[Data items]
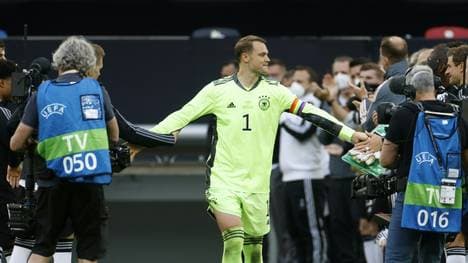 Manuel Neuer wird vor dem Spiel gefeiert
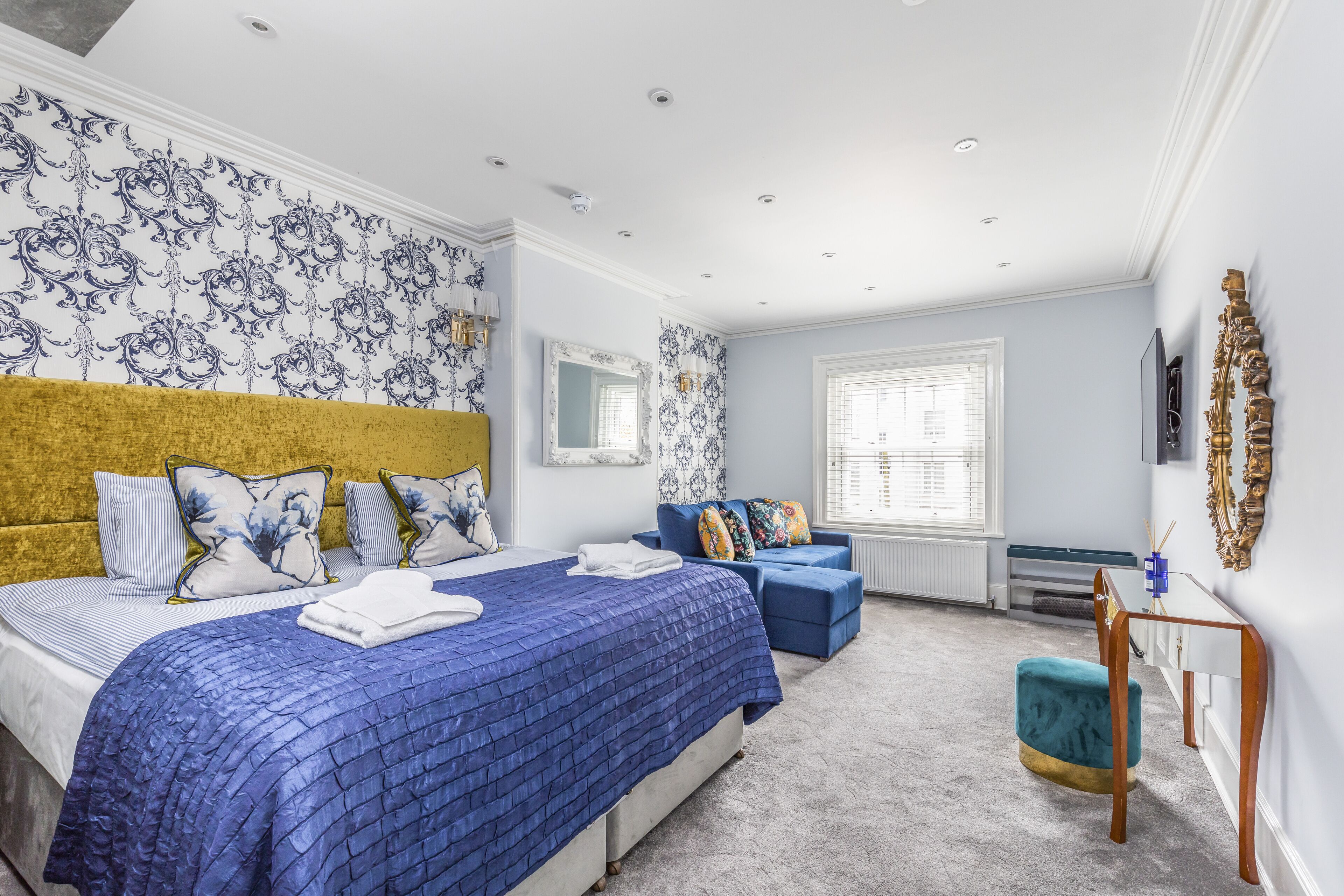 Deluxe-Studio | Hochwertige Bettwaren, Select-Comfort-Betten, individuell dekoriert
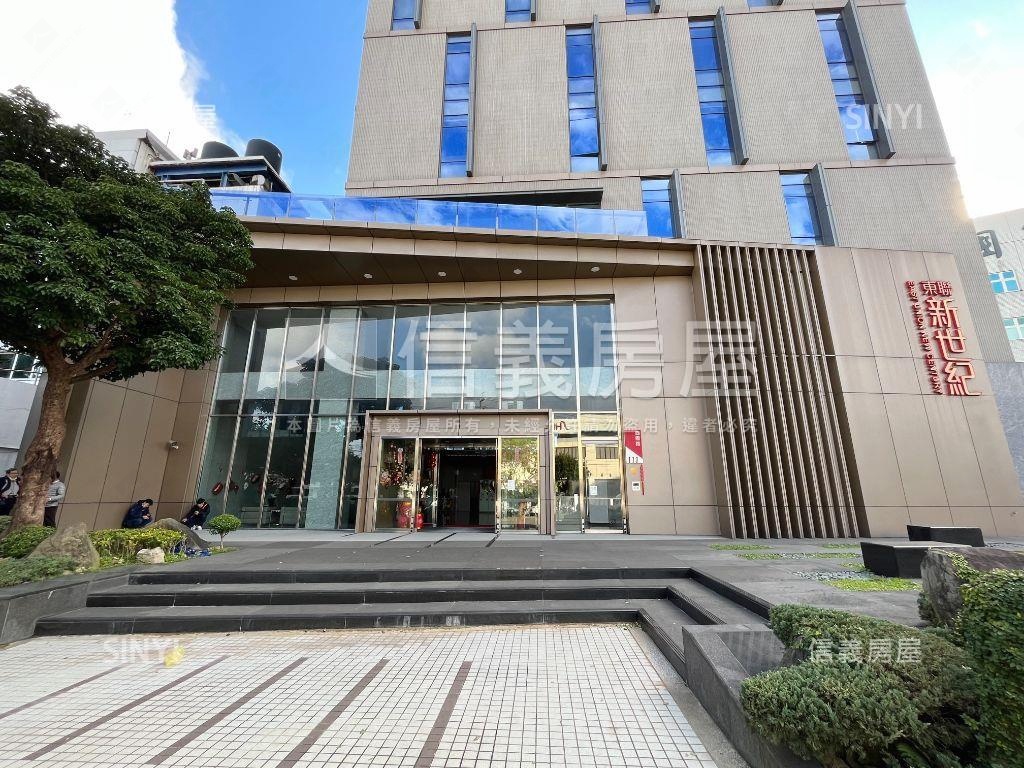 中壢東聯新世紀整層廠辦房屋室內格局與周邊環境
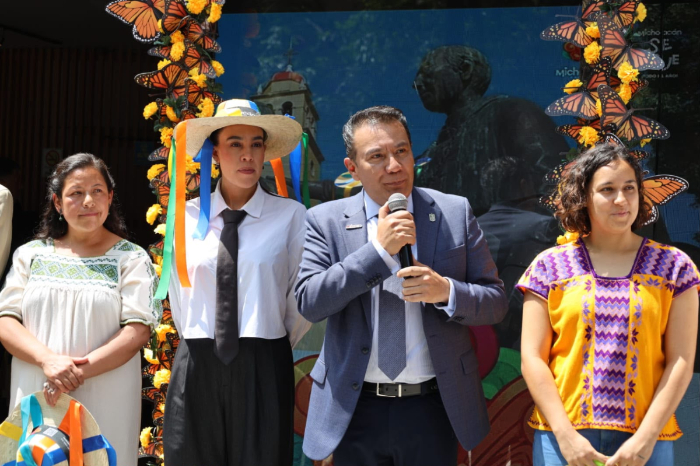 Artesanias y cultura de Michoacan en la exposicion Punto Mexico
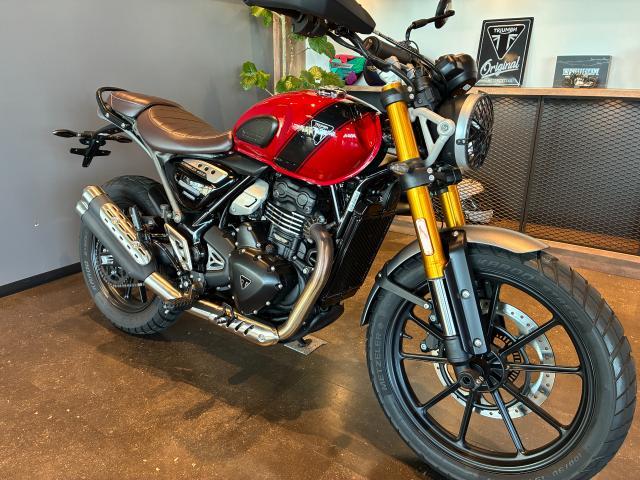 スクランブラー400X カーニバルレッド／ファントムブラック 新車保証残あり スペアキー有 ETC2．0車載器 純正ハンドガード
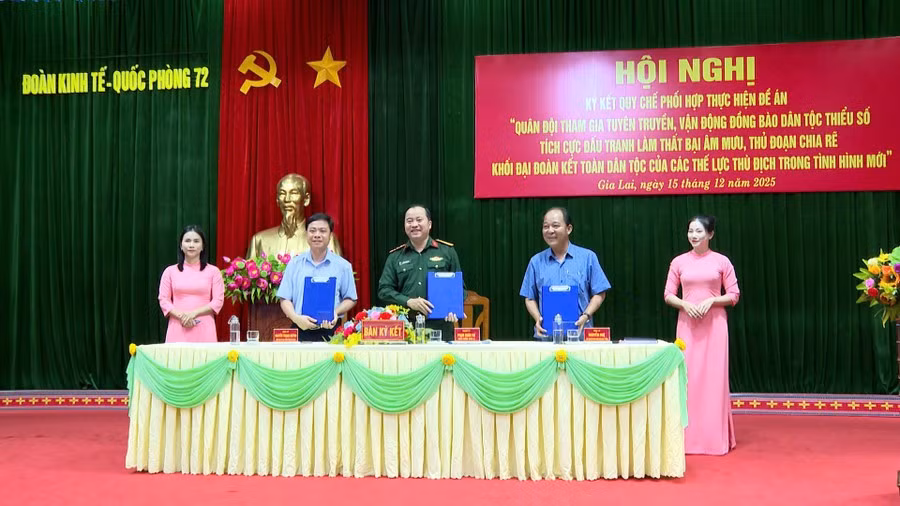 doan-kinh-te-quoc-phong-72-va-ubnd-cac-xa-ia-nan-ia-dom-ia-pnon-ky-ket-quy-che-phoi-hop-thuc-hien-de-an-57-anh-rpien.jpg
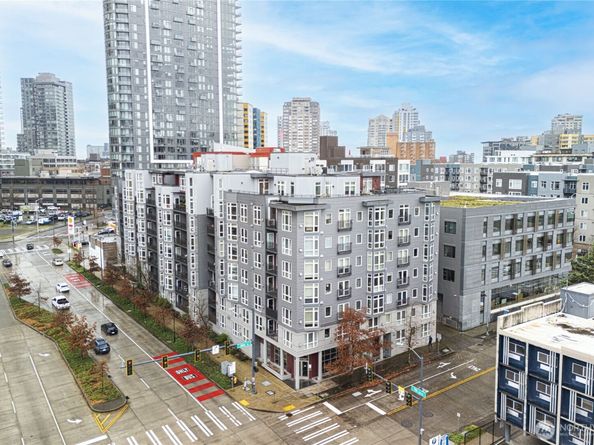 699 John St 319, Seattle WA 98109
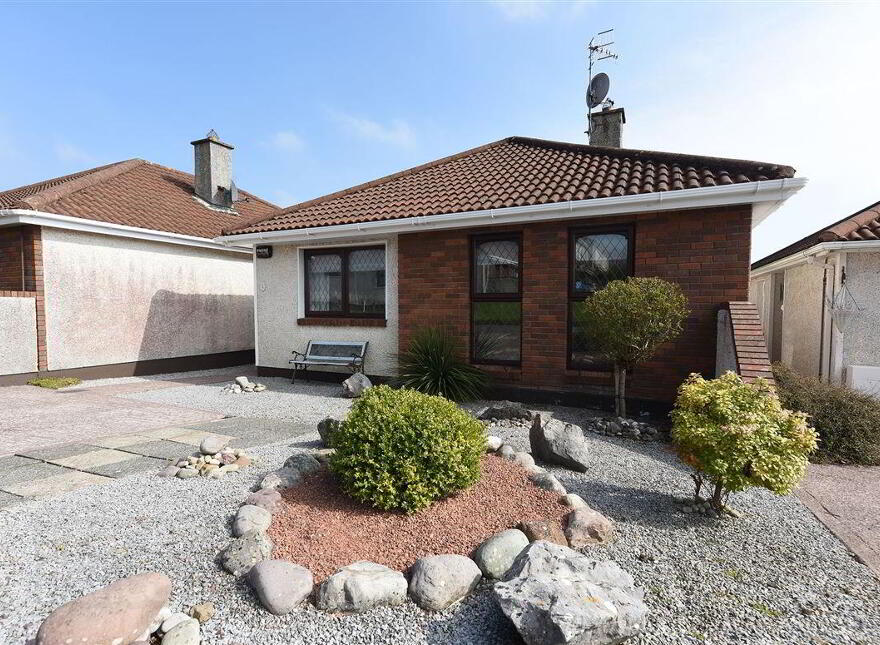 5 Somerville, Church Road, Carrigaline photo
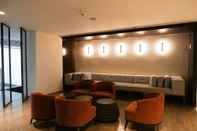 Bar, Kafe, dan Lounge Spacious and Comfortable 1BR at Ciputra World 2 Apartment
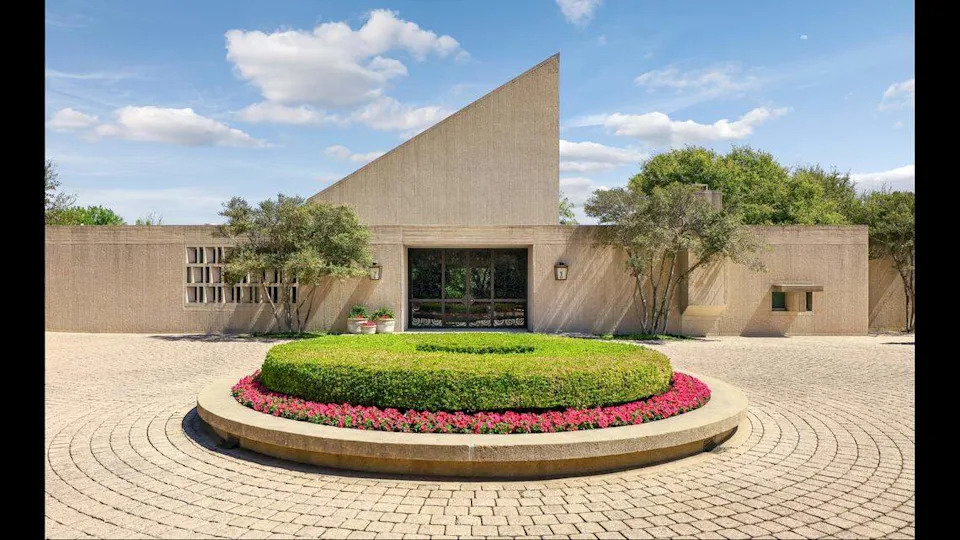 The outside of I.M. Pei designed Tandy Home. 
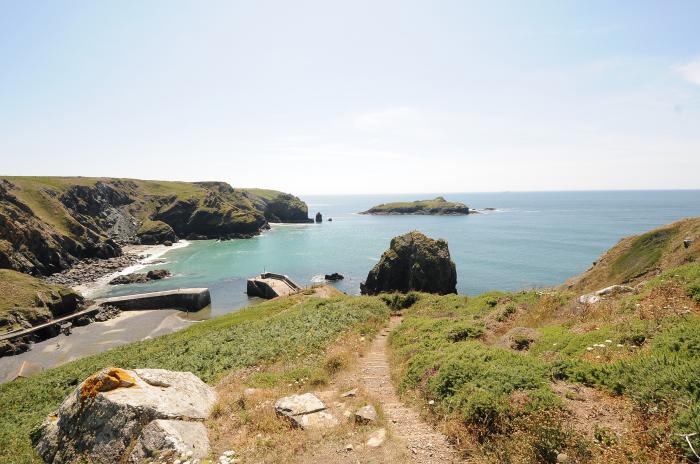 Sty Cottage in Mullion, Cornwall. Smart TV. Electric fire. Off-road parking. Open plan. Pet-friendly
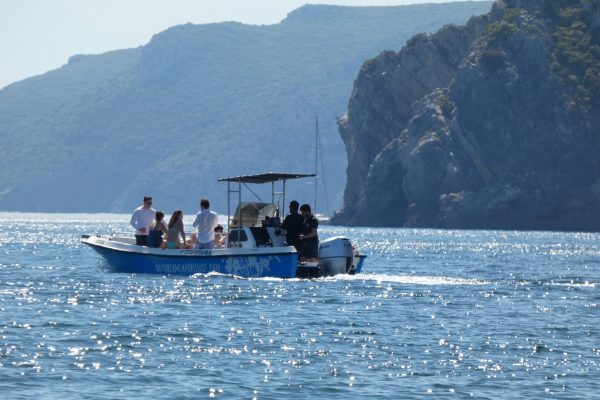 19019-arrabida-secret-beaches-and-caves-boat-tour-1679436528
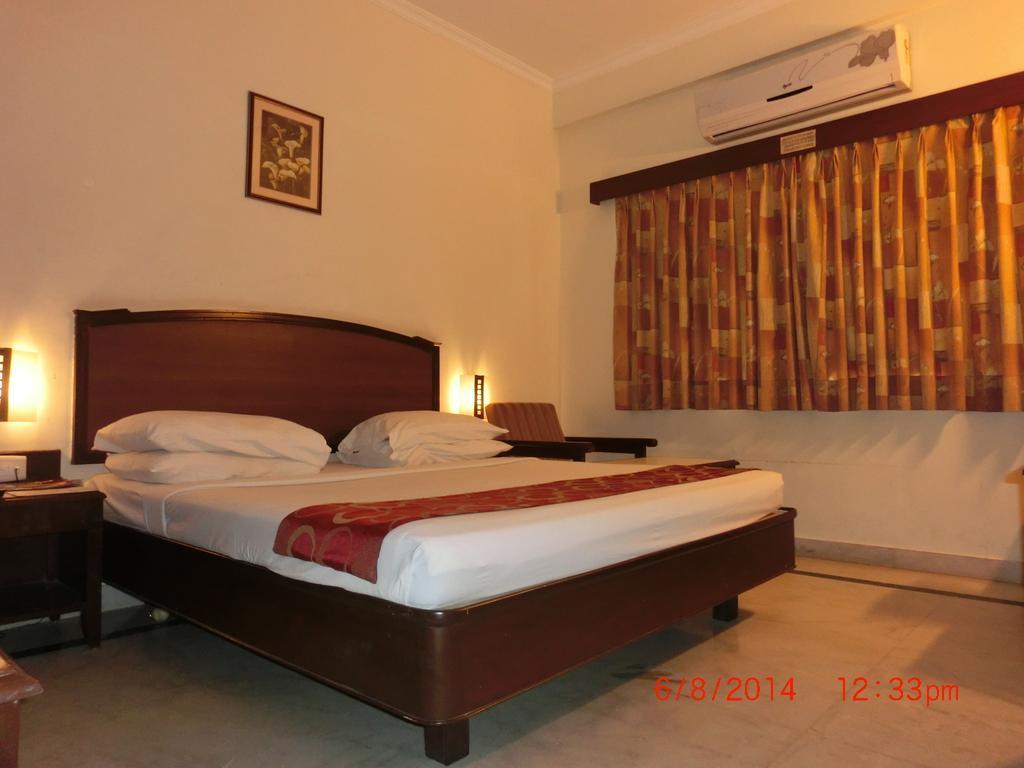 Hotel Thulashi Park Chennai Chambre photo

Exercise: The entries should be reproduced word for word, pictures omitted.

Response area:
 Manuel Neuer wird vor dem Spiel gefeiert
 Deluxe-Studio | Hochwertige Bettwaren, Select-Comfort-Betten, individuell dekoriert
 中壢東聯新世紀整層廠辦房屋室內格局與周邊環境
 Artesanias y cultura de Michoacan en la exposicion Punto Mexico
 スクランブラー400X カーニバルレッド／ファントムブラック 新車保証残あり スペアキー有 ETC2．0車載器 純正ハンドガード
 doan-kinh-te-quoc-phong-72-va-ubnd-cac-xa-ia-nan-ia-dom-ia-pnon-ky-ket-quy-che-phoi-hop-thuc-hien-de-an-57-anh-rpien.jpg
 699 John St 319, Seattle WA 98109
 5 Somerville, Church Road, Carrigaline photo
 Bar, Kafe, dan Lounge Spacious and Comfortable 1BR at Ciputra World 2 Apartment
 The outside of I.M. Pei designed Tandy Home. 
 Sty Cottage in Mullion, Cornwall. Smart TV. Electric fire. Off-road parking. Open plan. Pet-friendly
 19019-arrabida-secret-beaches-and-caves-boat-tour-1679436528
 Hotel Thulashi Park Chennai Chambre photo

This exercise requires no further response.